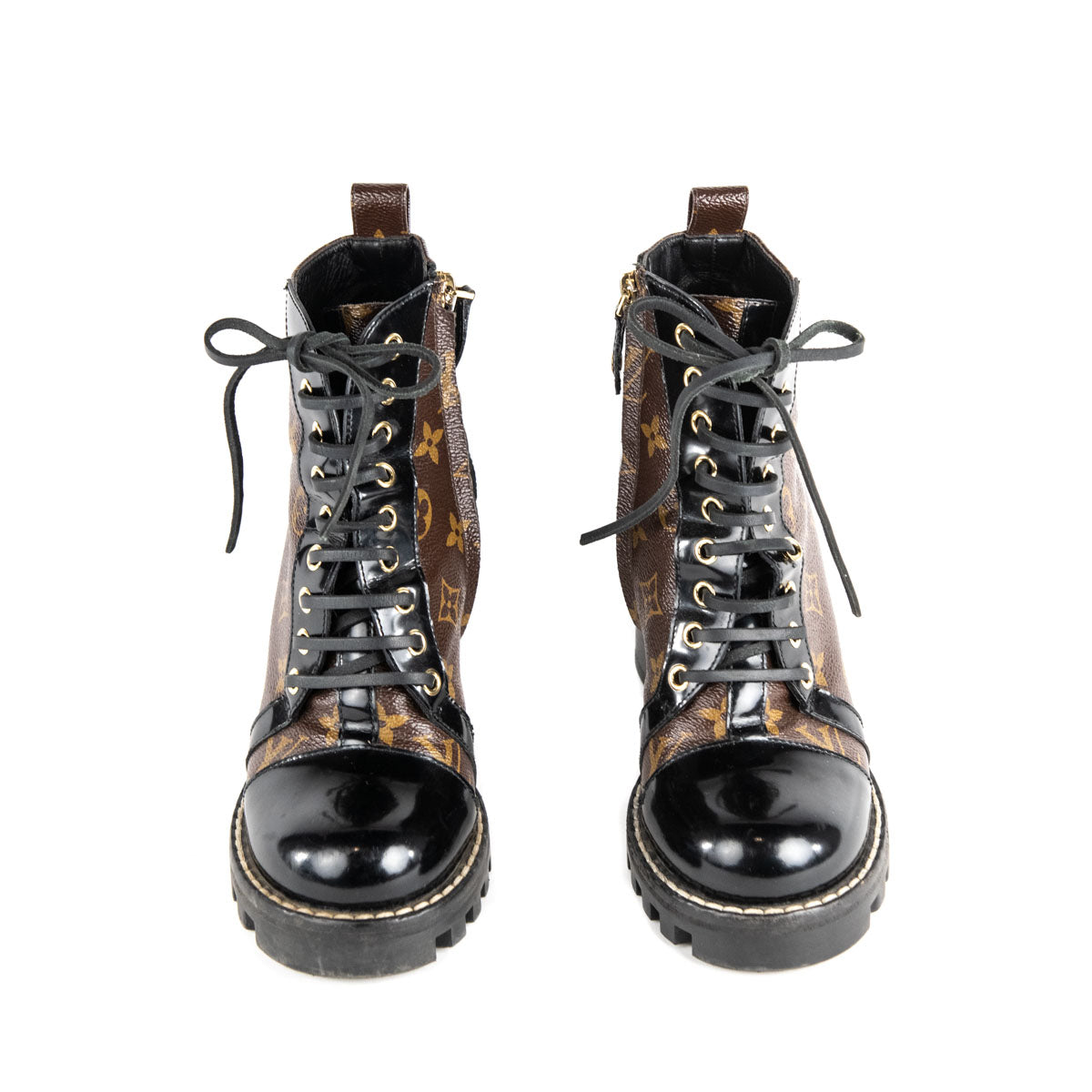 Louis Vuitton Monogram Star Trail Ankle Boots - Preloved Louis Vuitton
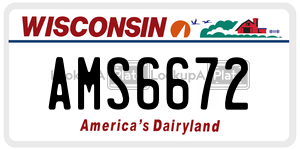 AMS6672  license plate in WI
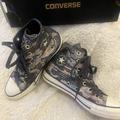 Converse Shoes | Converse Tennis Shoes | Color: Black/Silver | Size: 6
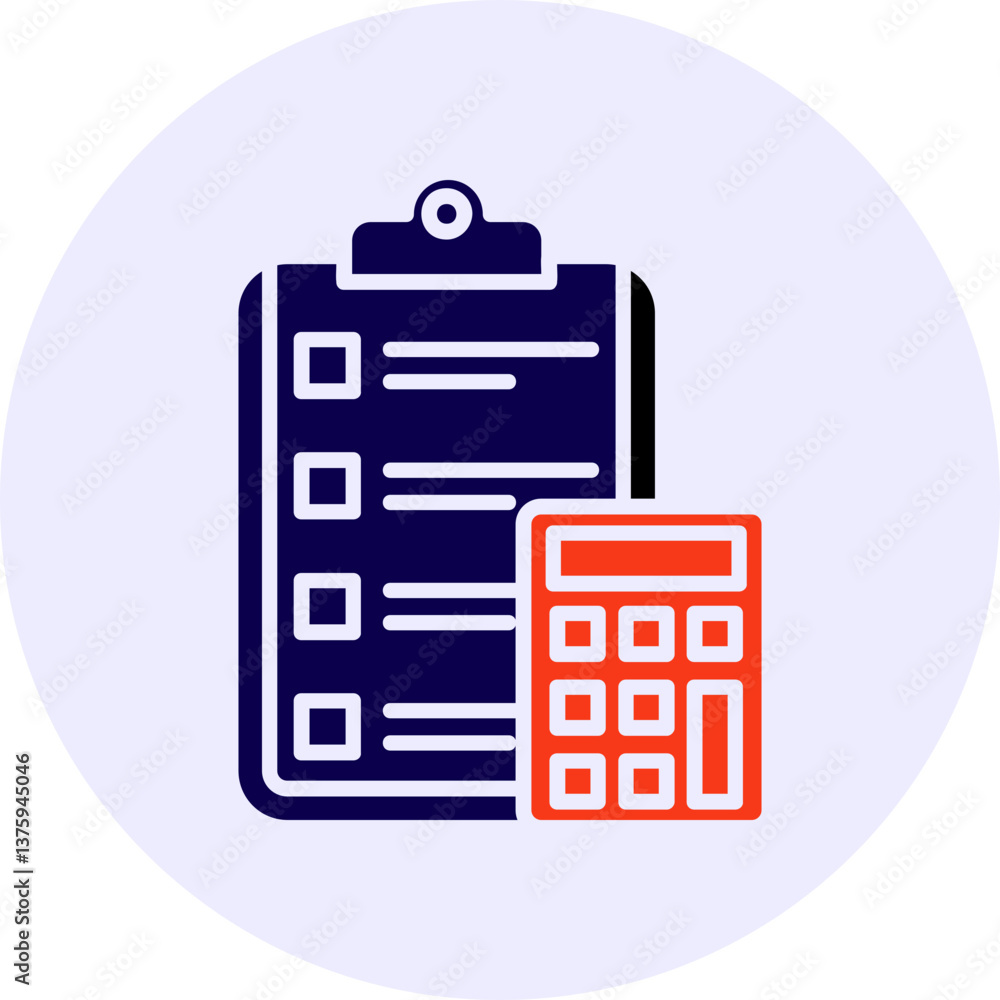 Accounting Vector Icon Design Accounting Vector Icon Design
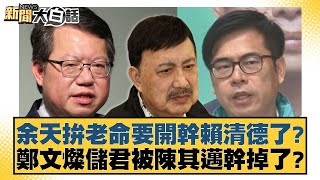 余天拚老命要開幹賴清德了？鄭文燦儲君被陳其邁幹掉了？ 新聞大白話tvbstalk 20240416 [upl. by Ameh818]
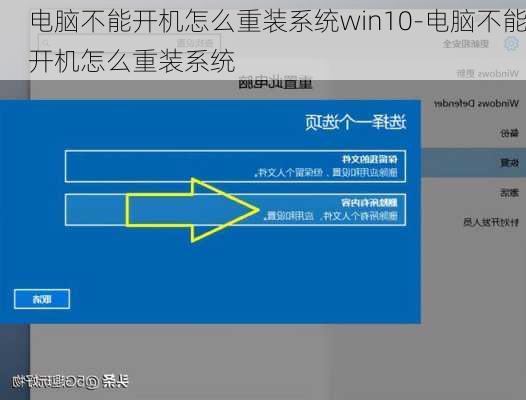 电脑不能开机怎么重装系统win10-电脑不能开机怎么重装系统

• • • • •

■ WHAT YOU SHOULD DO ■
Transcribe every entry exactly, leaving out the pictures.

■ REPLY ■
 Louis Vuitton Monogram Star Trail Ankle Boots - Preloved Louis Vuitton
 AMS6672  license plate in WI
 Converse Shoes | Converse Tennis Shoes | Color: Black/Silver | Size: 6
 Accounting Vector Icon Design Accounting Vector Icon Design
 余天拚老命要開幹賴清德了？鄭文燦儲君被陳其邁幹掉了？ 新聞大白話tvbstalk 20240416 [upl. by Ameh818]
 电脑不能开机怎么重装系统win10-电脑不能开机怎么重装系统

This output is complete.